MATERIAL FOR THIS TASK.
==*==

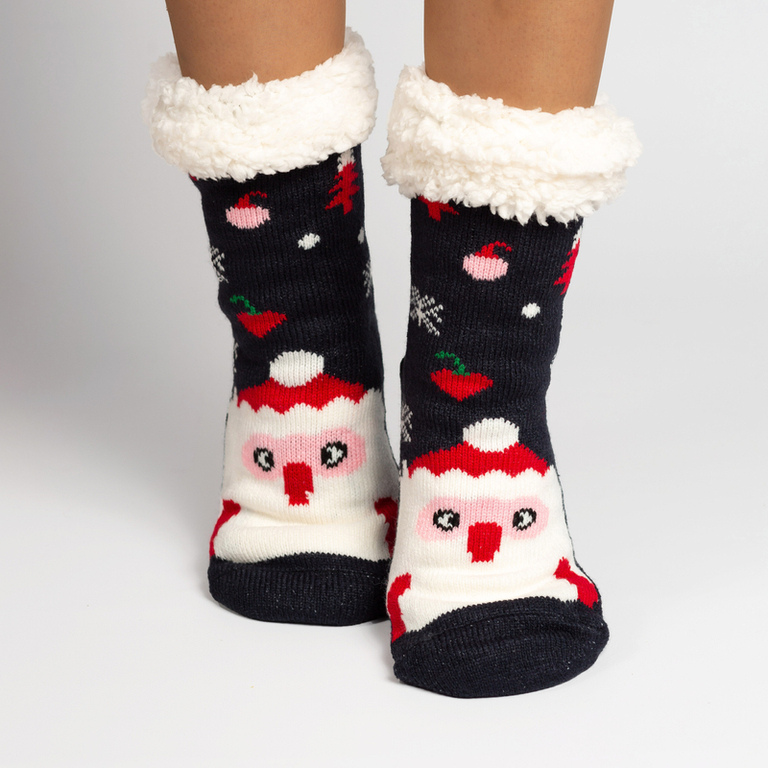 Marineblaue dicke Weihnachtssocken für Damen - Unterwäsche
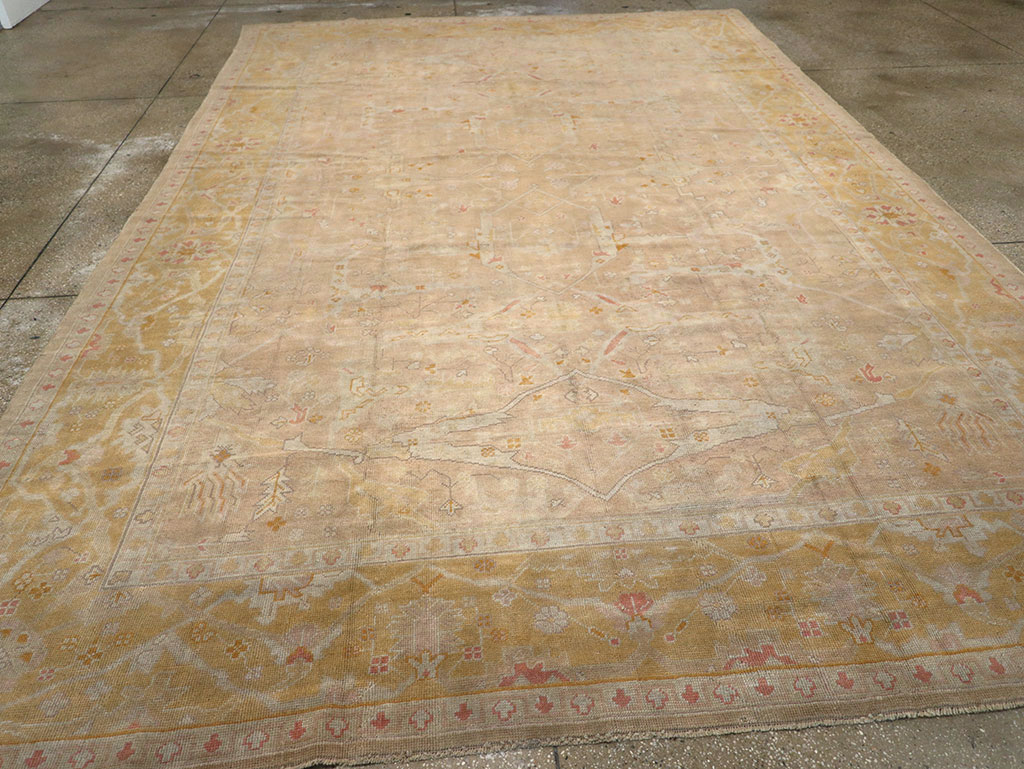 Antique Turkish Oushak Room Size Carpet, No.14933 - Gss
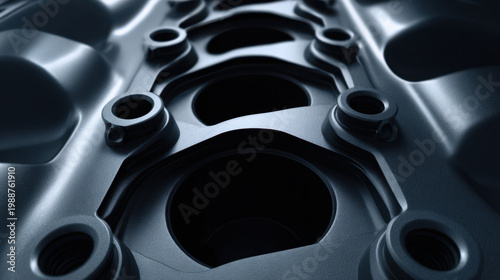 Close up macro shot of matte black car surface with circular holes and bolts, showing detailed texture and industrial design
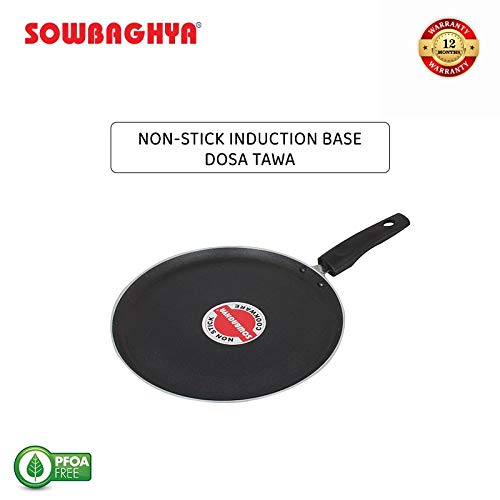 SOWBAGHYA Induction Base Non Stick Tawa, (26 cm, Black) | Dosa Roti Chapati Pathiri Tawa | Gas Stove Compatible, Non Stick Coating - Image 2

==*==

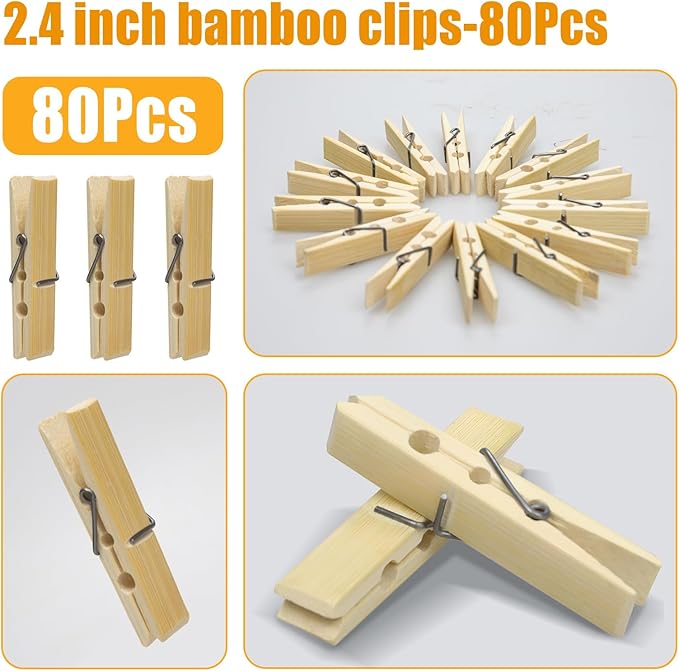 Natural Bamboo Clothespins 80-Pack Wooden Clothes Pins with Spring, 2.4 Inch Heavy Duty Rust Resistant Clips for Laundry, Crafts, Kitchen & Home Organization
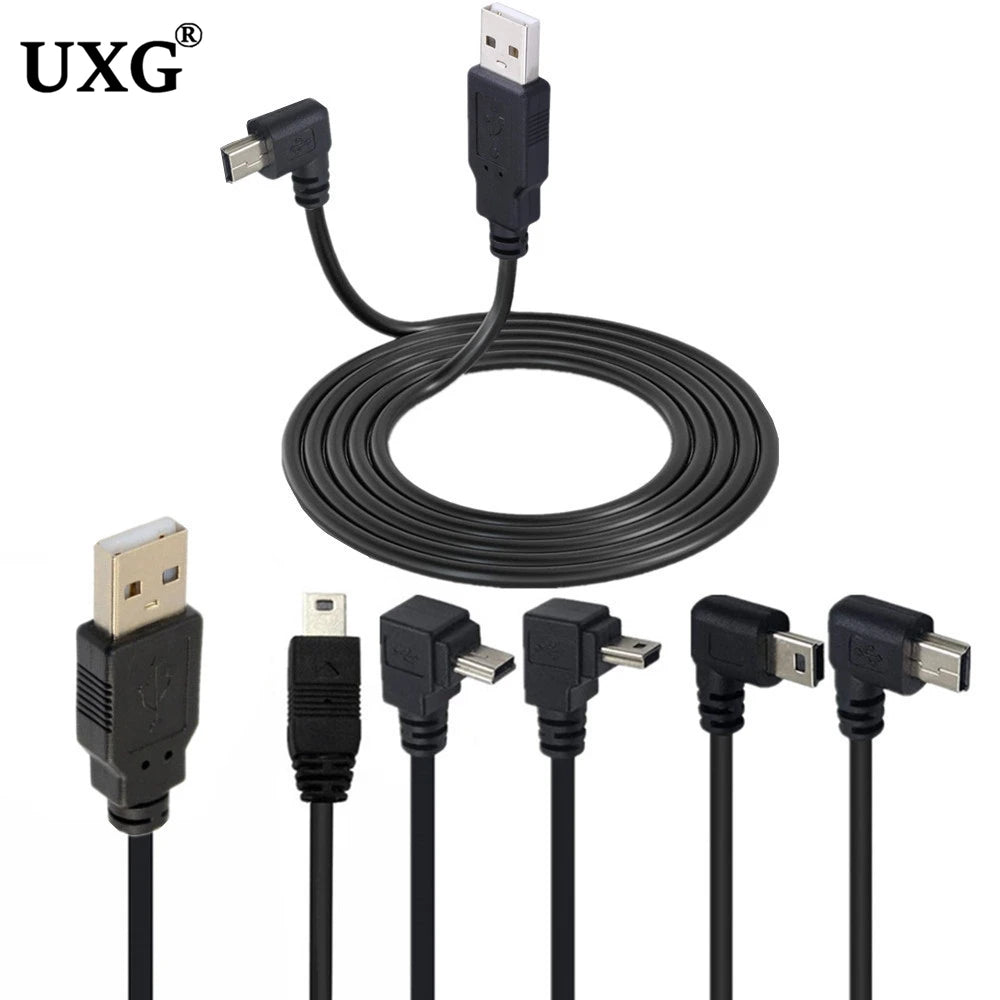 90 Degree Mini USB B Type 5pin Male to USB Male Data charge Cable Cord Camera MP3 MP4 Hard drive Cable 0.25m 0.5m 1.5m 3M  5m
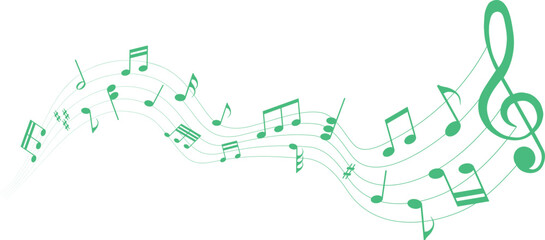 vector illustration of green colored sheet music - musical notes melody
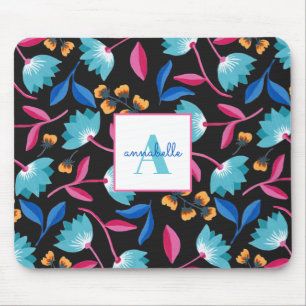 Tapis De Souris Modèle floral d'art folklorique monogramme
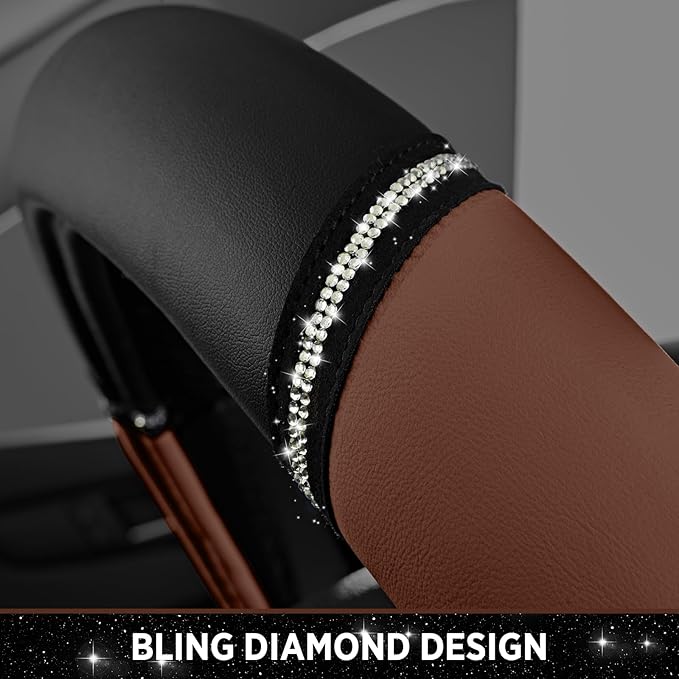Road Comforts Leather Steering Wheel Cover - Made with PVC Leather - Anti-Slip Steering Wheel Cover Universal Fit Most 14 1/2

==*==

WHAT YOU ARE ASKED TO DO. Copy nothing but the lines above that run from the one with "Marineblaue dicke Weihnachtssocken" to the one with "SOWBAGHYA Induction Base", ends included; pictures stay out.

RESPONSE.
 Marineblaue dicke Weihnachtssocken für Damen - Unterwäsche
 Antique Turkish Oushak Room Size Carpet, No.14933 - Gss
 Close up macro shot of matte black car surface with circular holes and bolts, showing detailed texture and industrial design
 SOWBAGHYA Induction Base Non Stick Tawa, (26 cm, Black) | Dosa Roti Chapati Pathiri Tawa | Gas Stove Compatible, Non Stick Coating - Image 2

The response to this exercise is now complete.